Colocando tudo isso sob um mesmo prisma, será simples identificar que aquela mulher com o desejo aumentado será aquela que terá mais relações sexuais e se masturbará mais, sendo o oposto verdade para aquela com desejo sexual hipoativo nesse período. Certo? Infelizmente, não. Ainda tempos algumas variáveis significativas, como os medos, as dúvidas não compartilhadas com os obstetras e, a mais importante, o marido. Sanemos então as dúvidas, já que, quanto a este, cada um tem o seu, e quanto a isso há pouco a fazer.

A relação sexual é saudável e recomendável para o casal durante toda a gravidez, sendo motivo de controvérsia a contra-indicação da mesma nas pacientes com risco de aborto ou de parto prematuro. O bebê pode ser beneficiado pela liberação de hormônios como a serotonina, que causam na mãe e nele uma sensação de conforto e relaxamento. O sexo provoca na mulher uma melhora da autoestima, diminui a labilidade emocional, além de passar uma sensação de confiança, paixão e amor, o que melhora o relacionamento conjugal. 
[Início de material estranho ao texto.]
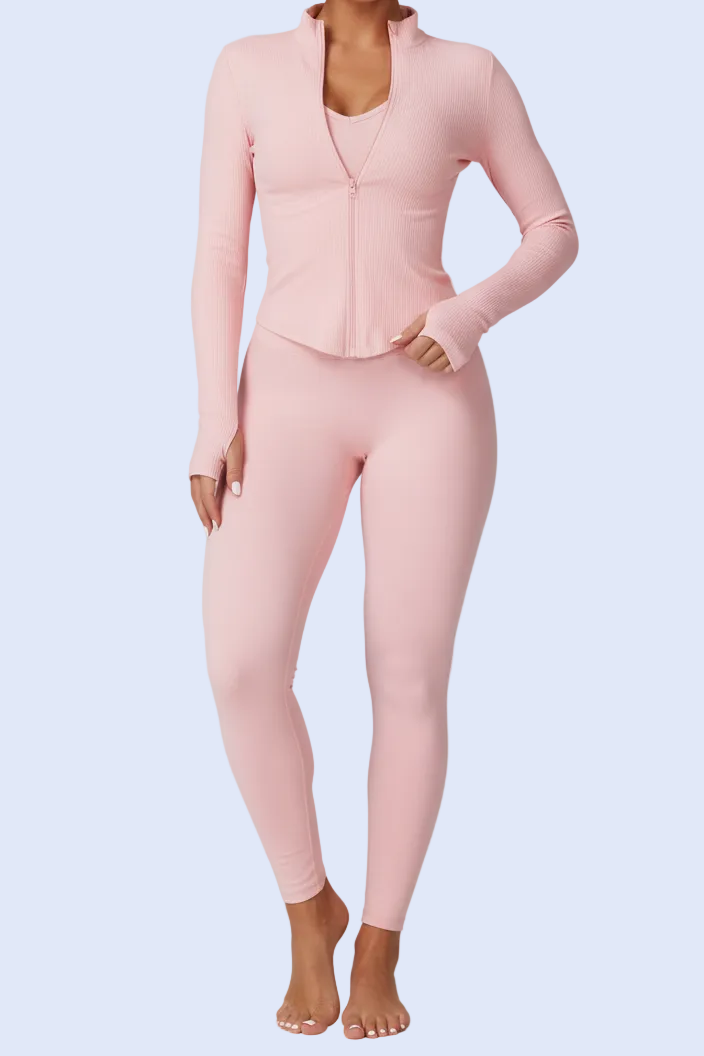 Person wearing a pink athletic outfit on a white background with product pricing and quantity information displayed.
Associados a todos esses fatores psíquicos, estudos demonstram que a penetração vaginal incrementa a ação da musculatura perineal, sua percepção durante o parto vaginal e seu poder contrátil. 
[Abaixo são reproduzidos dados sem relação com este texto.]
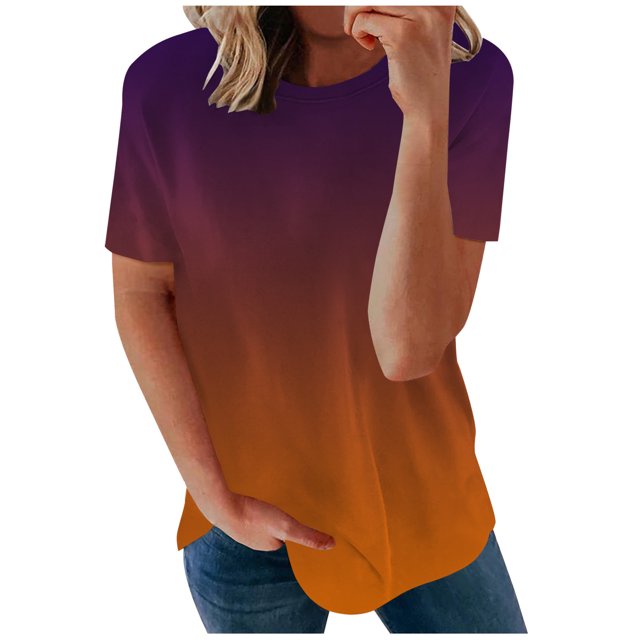 AherBiu Hauts pour Femmes T-Shirts à Manches Courtes Dégradé Col Rond Basiques d'Été Décontractés Amples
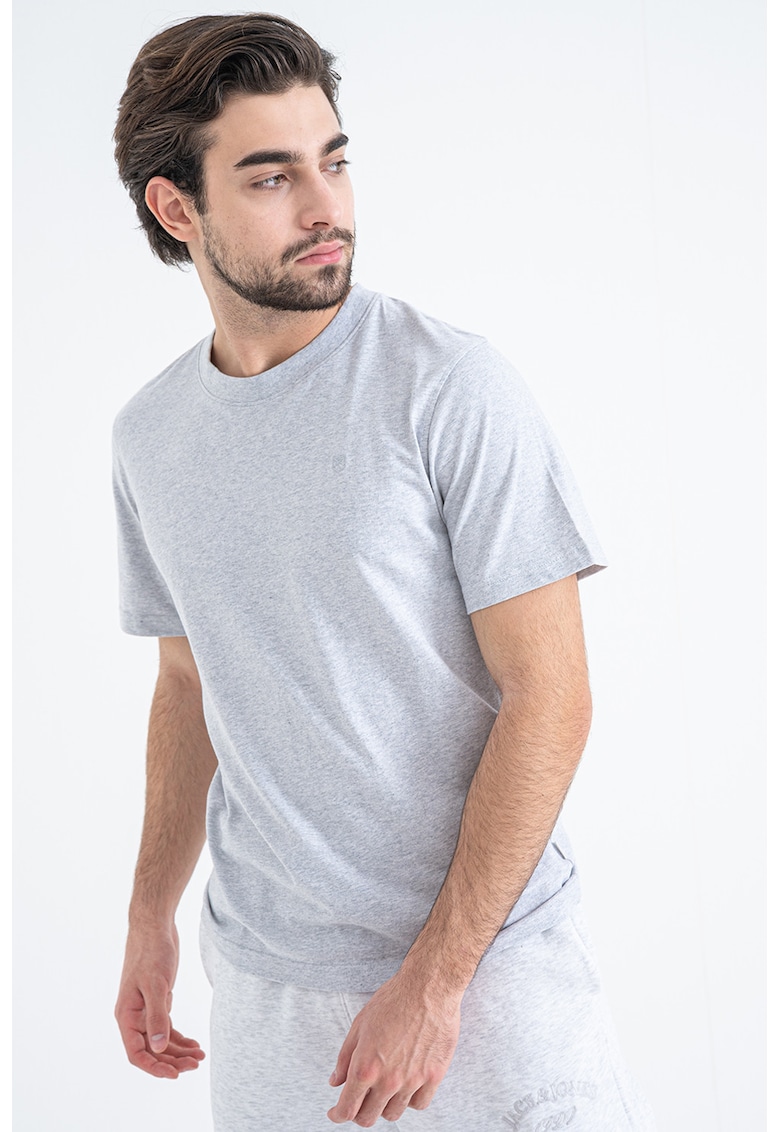 Tricou din bumbac Logan - Gri deschis melange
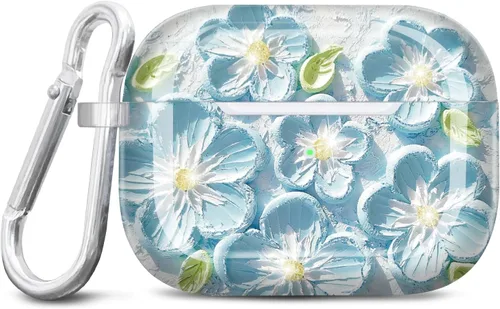 Miniatura 8 de Compatible con AirPods Pro 2019 / Airpods Pro de 2ª generación, diseño de mármol dorado brillante con purpurina, lindo protector completo de Azul
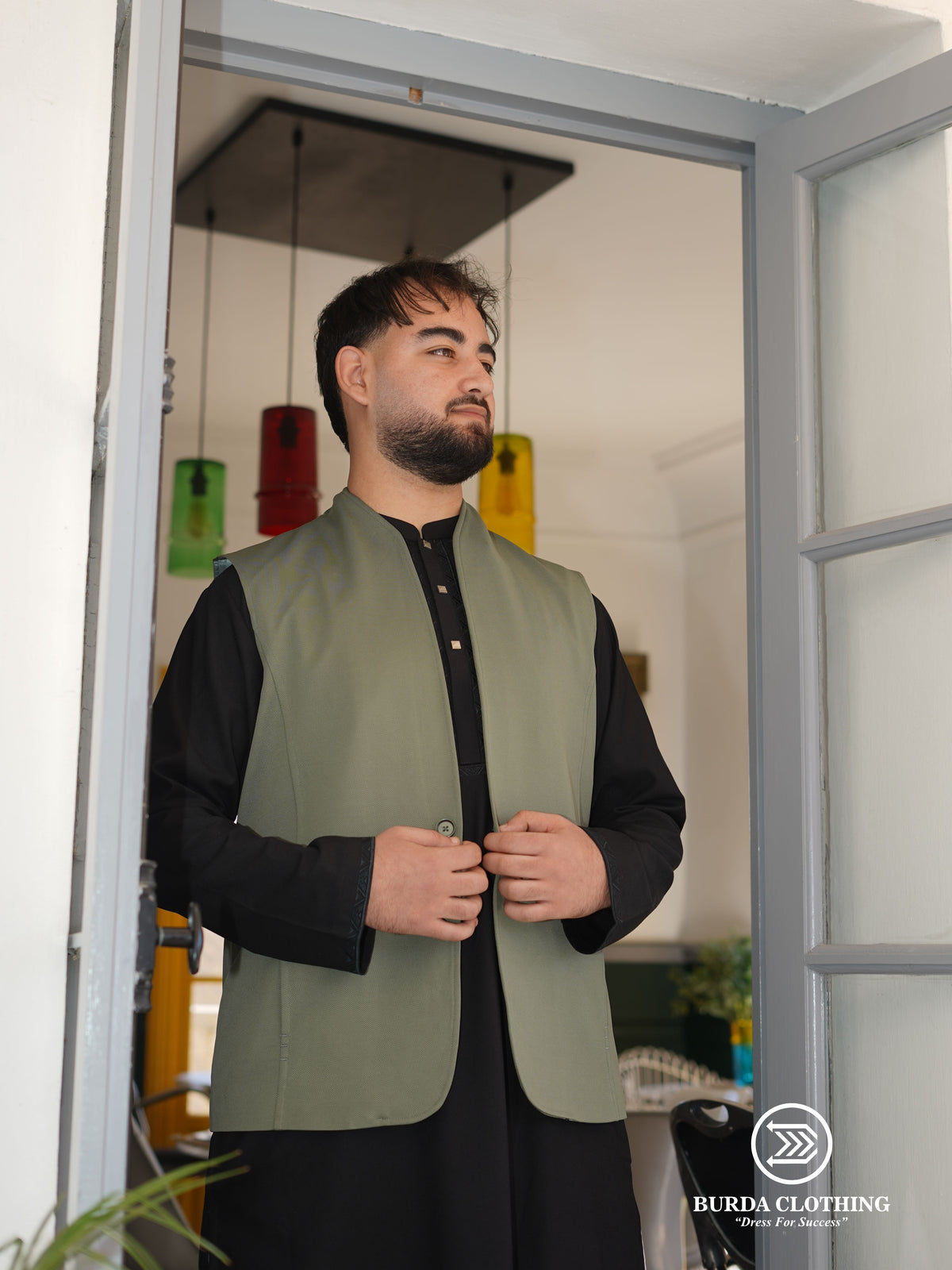Mens Waistcoat- Lime Green by Burdaclothing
Entretanto, mesmo diante de tantas evidências, podemos nos deparar com casais que, por motivos variados, não desejam manter relações sexuais durante a gravidez. E sempre devemos respeitar o desejo individual. Por isso a masturbação pode assumir um papel maior na sexualidade feminina no período. Ela pode ser realizada da forma que trouxer prazer, a gestante ou ao casal, uma vez que a masturbação mútua também é muito bem vinda. Pode-se usar vibradores, massageadores clitorianos, ou qualquer outro objeto que sua criatividade alcançar. Sendo apenas necessários cuidados redobrados de higienização dos mesmos. Durante uma masturbação com vibrador vaginal, algumas mulheres temem que o vigor ou a profundidade da penetração seja nociva para o bebê, mas ela pode ser realizada com segurança, imitando a intensidade do seu próprio parceiro. Pois a masturbação mostrou-se absolutamente segura nos casos de abortamento e de parto prematuro, já que o orgasmo parece diminuir estes riscos de forma considerável, uma vez que não causam contrações uterinas significativas. 

Minha recomendação como especialista: tenham prazer, pois qualquer forma de prazer deve ser considerada positiva.

Françoise Quintanilha Padula é casada e mãe de dois filhos: Rodolfo e Valentina. Ginecologista e Obstetra da Febrasgo, especializada em Sexualidade Humana pela USP, especialista em Reprodução Humana e especialista em Endometriose e Cirurgia Minimamente Invasiva pelo Instituto de Ensino e Pesquisa do Hospital Sírio Libanês. Hoje atua em seu consultório em Petrópolis, além de ser monitora em laparoscopia no Hospital Sírio Libanês, em São Paulo.